Former American racing driver, John Fitch, passed away this Wednesday near the Lime Rock racing circuit in Connecticut, USA.
When it came to racing and safety (or road safety in general), Fitch is a name you may not have heard of. Names like Jackie Stewart and Sid Watkins may come to mind more due to their association with the high profile world of Formula 1. But overlooking Fitch, who was 95 when he passed away, would be a mistake.
Fitch only competed in two F1 world championship races, but that is only an indication of how much more there is to motor racing than F1, which is really just the tip of the iceberg as far as motorsport is concerned.
He devised the Fitch Barrier, which is a standard feature on pretty much every American highway. If you recall a scene from the Keanu Reeves movie ‘Speed’ where a Jaguar XJS crashes into a water-filled yellow barrier at the exit of a highway; that would be the Fitch Barrier in action.
Specifically to racing, he also developed the Fitch Compression Barrier, which is used extensively at oval tracks and in its design is the forerunner to the Tecpro barrier that you now see used at the latest F1 grade circuits like the Buddh International Circuit.
His safety innovations aside, Fitch was also one hell of a racing driver as his record suggests. By his own admission, his greatest motorsport achievement came at the 1955 Mile Miglia (Italian for thousand miles) when he won the production sports car category and was beaten only by the racing prototypes that had drivers like Stirling Moss and Juan Manuel Fangio behind the wheel.
He finished as high as third at the 24 Hours of Le Mans where he competed six times as well.

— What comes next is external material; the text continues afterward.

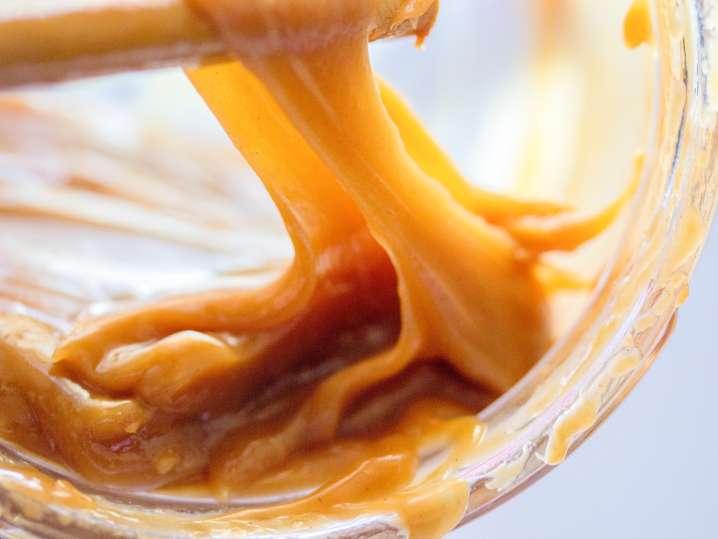 stirring a jar of homemade caramel Shot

While I was too young (by a long way!) to ever see any of these exploits in person, I did have the pleasure of meeting Fitch at the 2006 Greenwich Concours d’Elegance where I asked him about racing in F1 during the world championship’s infancy in the early 1950s.
Given his extensive experience, Fitch was in a position to honestly dish out on Grand Prix racing’s stars of the time.

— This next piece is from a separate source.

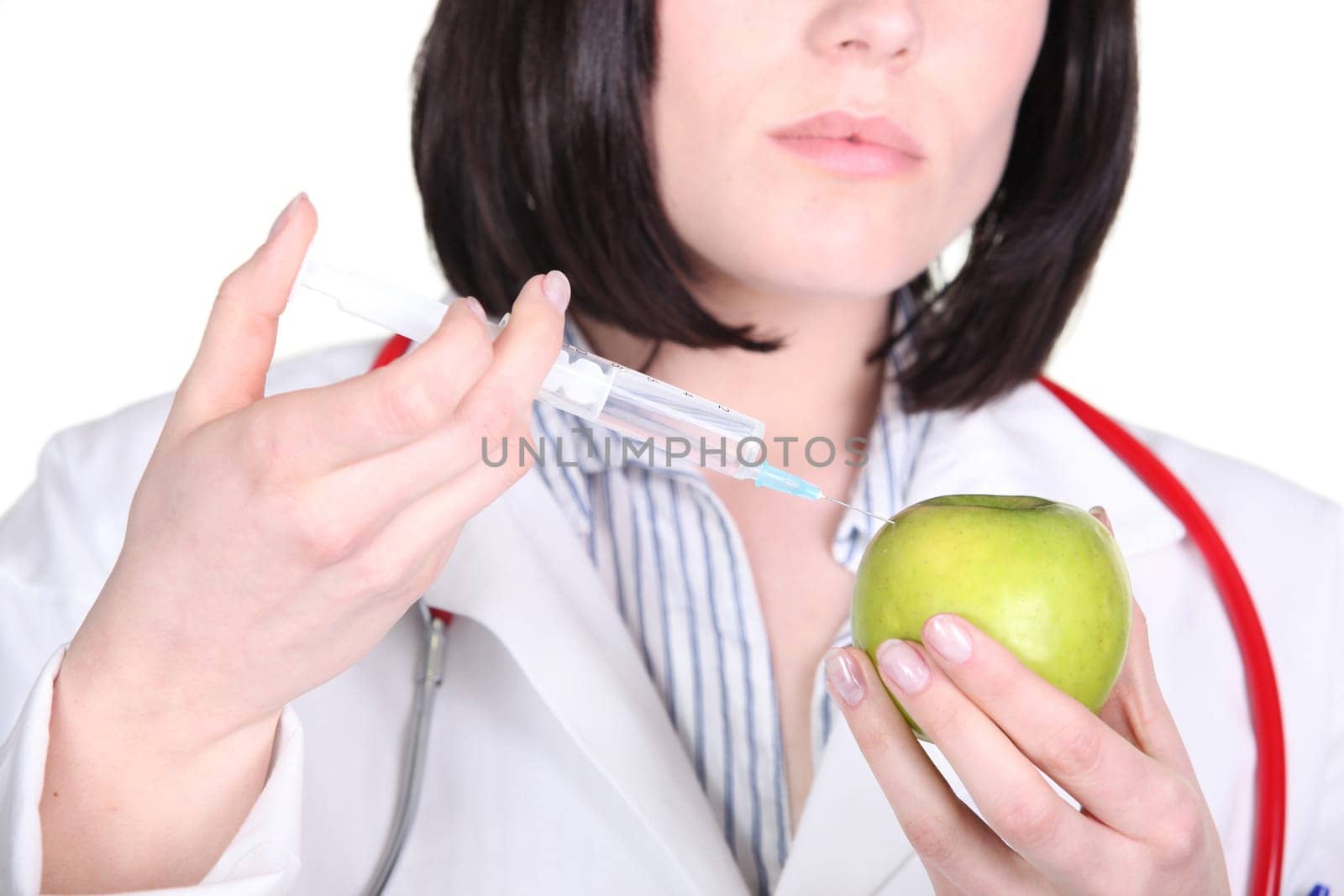 Doctor injecting hormone drugs into an apple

“He was awful, just awful!” was Fitch’s take on Giuseppe Farina, the sport’s first world champion. “He was a real dirty driver who didn’t care about who was on the road with him.”
Fitch spoke in awe of five-time F1 champ Fangio but noted that he was not a driver to take lightly. “Fangio could race really hard,” said Fitch. “He didn’t race dirty but you had to watch yourself going up against him.”
The most praise was set aside for Britain’s Stirling Moss, who scored 16 pole positions and 18 wins without ever winning an F1 title. “He was a real gentleman,” said Fitch. “He would always race fair.”
I confess, that at the time, I wasn’t entirely up to speed on Fitch’s contribution to motorsport’s colourfully rich story but the experience of talking to a man who experienced motor racing’s most high-profile addiction in its beginning was surreal in itself.
Fitch’s contributions to motorsport goes beyond just numbers and for that, those involved in the sport today should be thankful.